I had the most interesting opportunity this past weekend. IREX, the organization sponsoring my research here in Tajikistan, occasionally puts on talks by their visiting fellows to keep their Tajik alumni feeling plugged in (IREX’s primary responsibility here in Dushanbe is to administer international education programs for Tajik students), and I happened to be sitting around the office about a month ago when I learned that there’d be a speaker that evening. Always one for Tajikistani imitation KFC fried chicken and Russian-style mayonnaise with a dash of salad, I stuck around and was delighted to hear a talk by Janice Setser, the former in-country director of Mercy Corps in Tajikistan who now works as an independent NGO consultant in Gharm, in eastern Tajikistan. Setser spoke about her work in the community there, introduced the audience to some of the unique challenges that Gharm faces, and added at the end of the presentation that she was always looking for specialists to come up for a few days at a time.
Thinking that I might have something to offer the students of Gharm, I wrote to Janice shortly after the meeting: would it be possible to run a workshop on American higher education, applying to universities abroad, and scholarships for young people in Gharm? The answer was yes, and so after figuring out the dates and getting up very early one morning to make the four-hour drive on bumpy and windy roads to Gharm, I found myself standing up to speak last Friday morning before an audience of about thirty keen and eager Tajik teenagers.

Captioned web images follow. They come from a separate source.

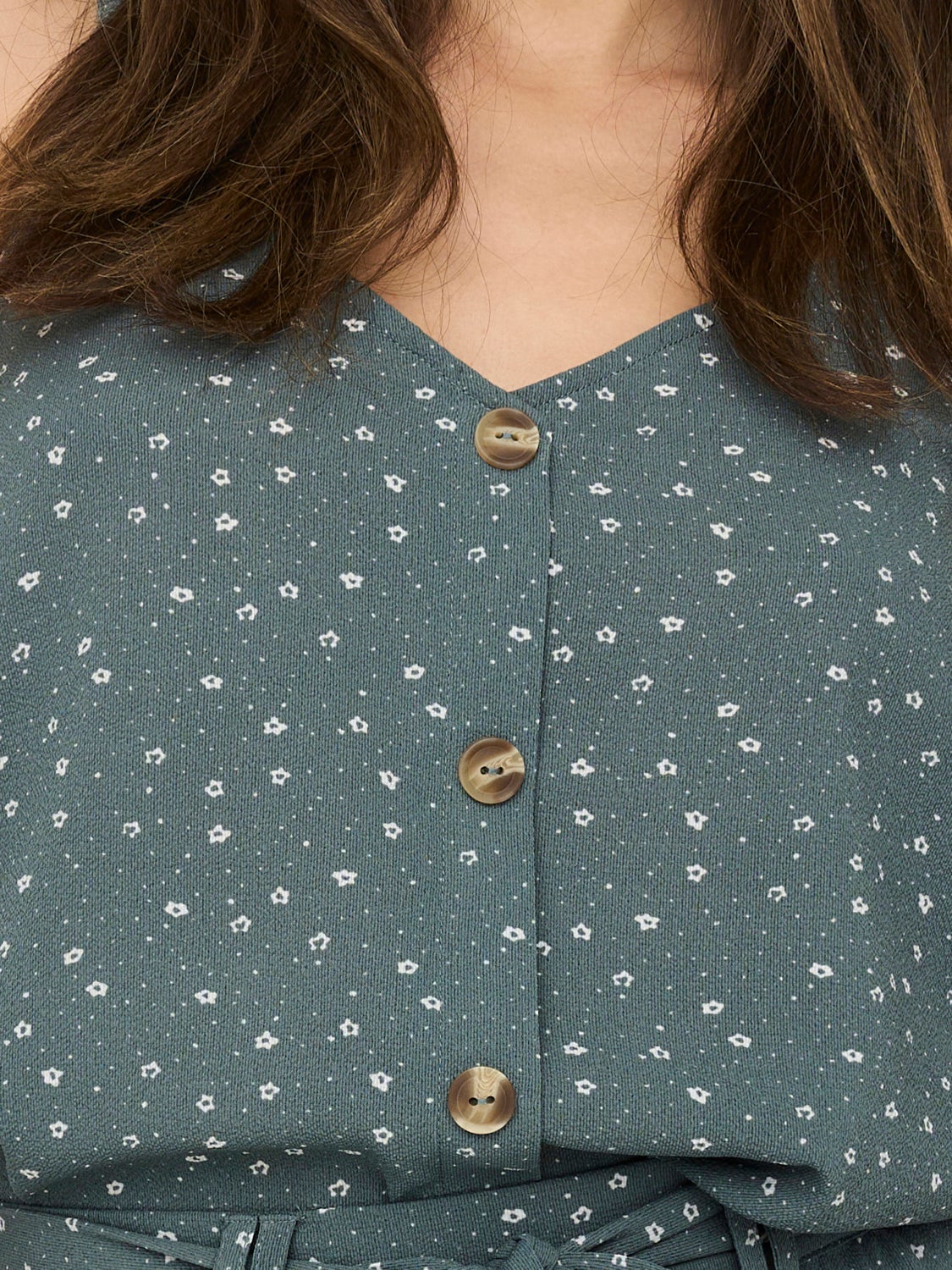 Button detailed Top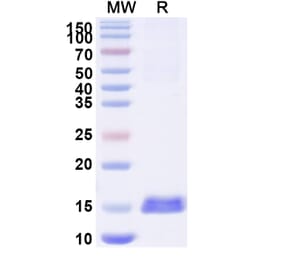 SDS-PAGE - Anti-RECQL5 Nanobody [SAA1129] (A337736) - Antibodies.com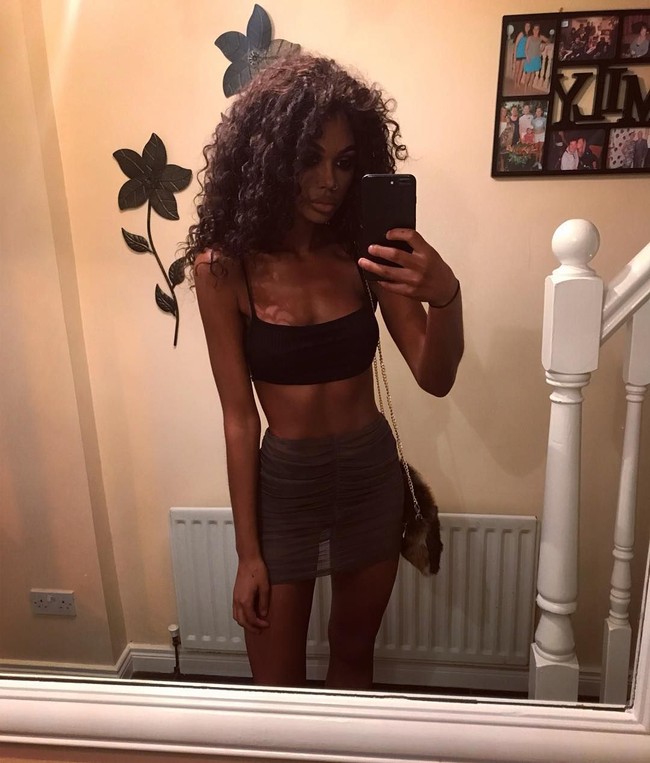 Injeksi tanning ilegal yang dilakukan Hannah tersebut berisiko membuatnya terkena kanker. Namun dia tidak memedulikannya. Aku tidak tahu banyak soal risiko kesehatan dari ini, tapi yang aku rasakan sejauh ini tidak ada hal buruk yang terjadi, ucapnya. Foto: Instagram @dirtyyhippie_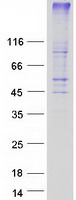 GPR171 Protein - Purified recombinant protein GPR171 was analyzed by SDS-PAGE gel and Coomassie Blue Staining
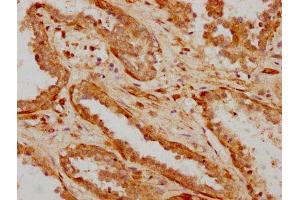IHC image of ABIN7156114 diluted at 1:600 and staining in paraffin-embedded human prostate cancer performed on a Leica BondTM system. (ILDR1 antibody  (AA 393-541))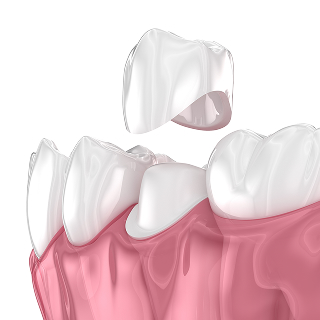dental crowns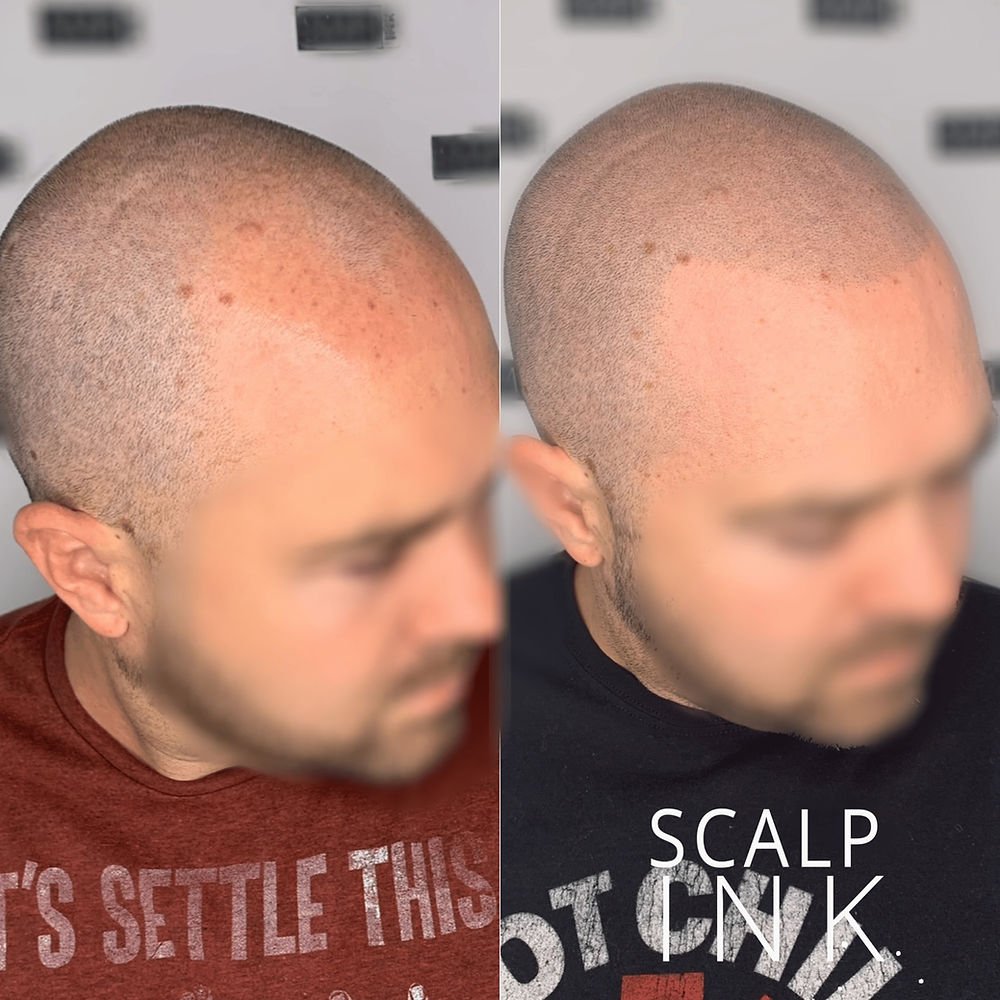 Before and after, man's scalp with SMP Services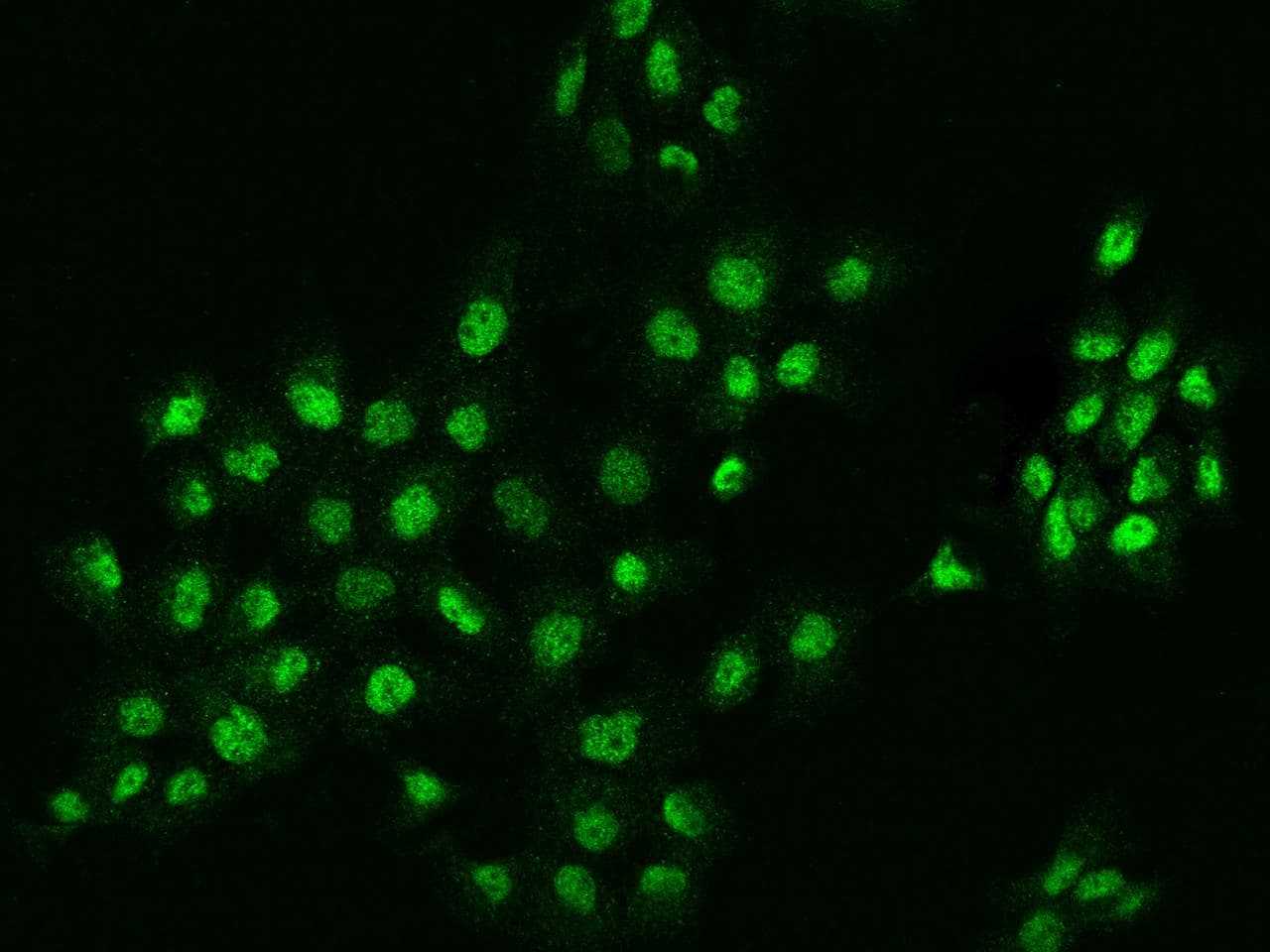 ZNF384 Antibody
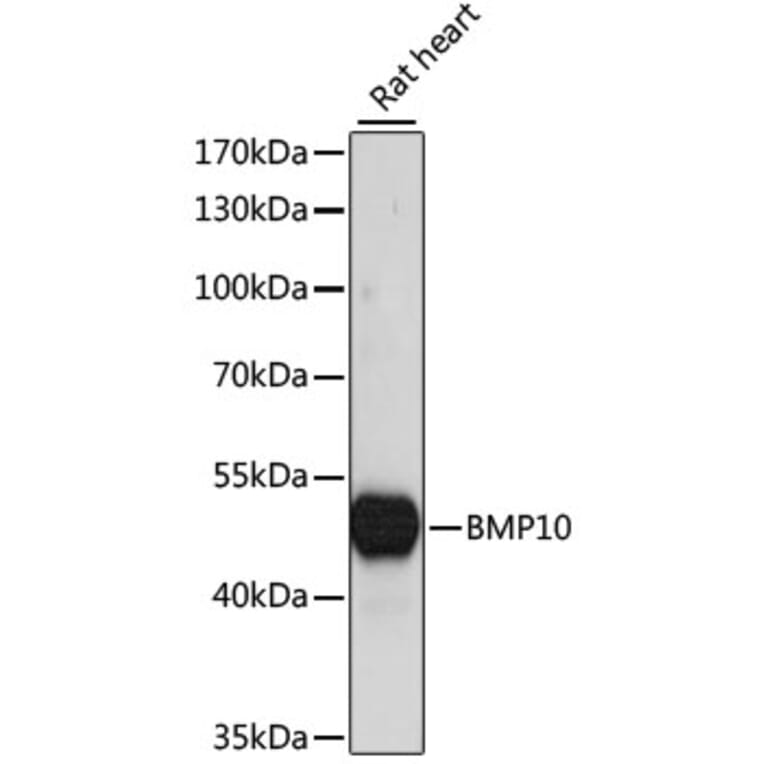 Western Blot - Anti-BMP10 Antibody (A90130) - Antibodies.com
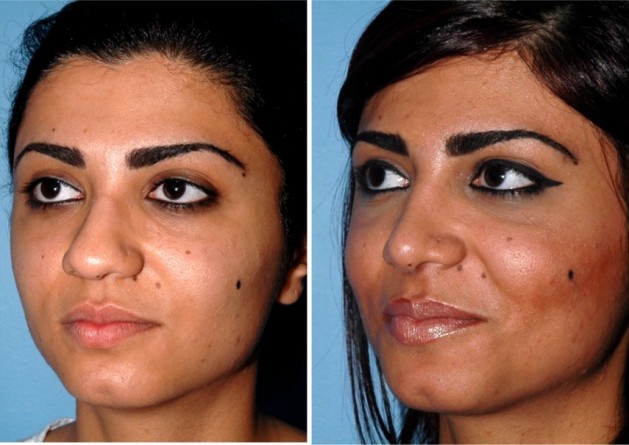 Middle Eastern Nose Job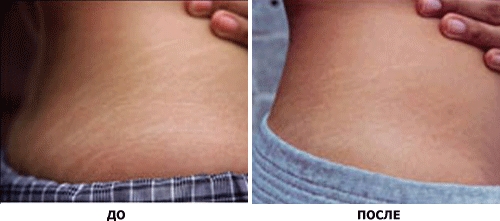 До и после использования мумие от растяжек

There’s a good chance that most readers won’t have heard of Gharm or the Rasht Valley (also called Karategin), but it’s interesting and important both historically and now for a couple of reasons. Consider the geography of Tajikistan, which itself was carved out of the remnants of the Emirate of Bukhara and Russian Turkestan in the 1920s. Crudely, you might divide Tajikistan into three regions: a small northern portion dominated by the city of Khujand (also known as Leninabad) and some of the über-productive agricultural fields of the Ferghana Valley; the hot lowlands of southwestern and southern Tajikistan, along the Vaskh and other rivers, where cotton production remains king and people tend to speak a more Uzbek-laced Persian; and (here I emphasize my past use of ‘crudely’) the east of the country – once you get east of Faizobod, about forty-five minutes east of Dushanbe, the roads get rough and the terrain ever more mountainous. Follow the road to the east, though, without falling into the massive Vaksh River, and you’re eventually faced with a choice: continue east into the enormous mountains of the Pamirs, or go north towards Kyrgyz pasturelands and, eventually, the Kyrgyz portions of the Ferghana Valley? Take the latter route and you’ll drive through Gharm and the Rasht Valley.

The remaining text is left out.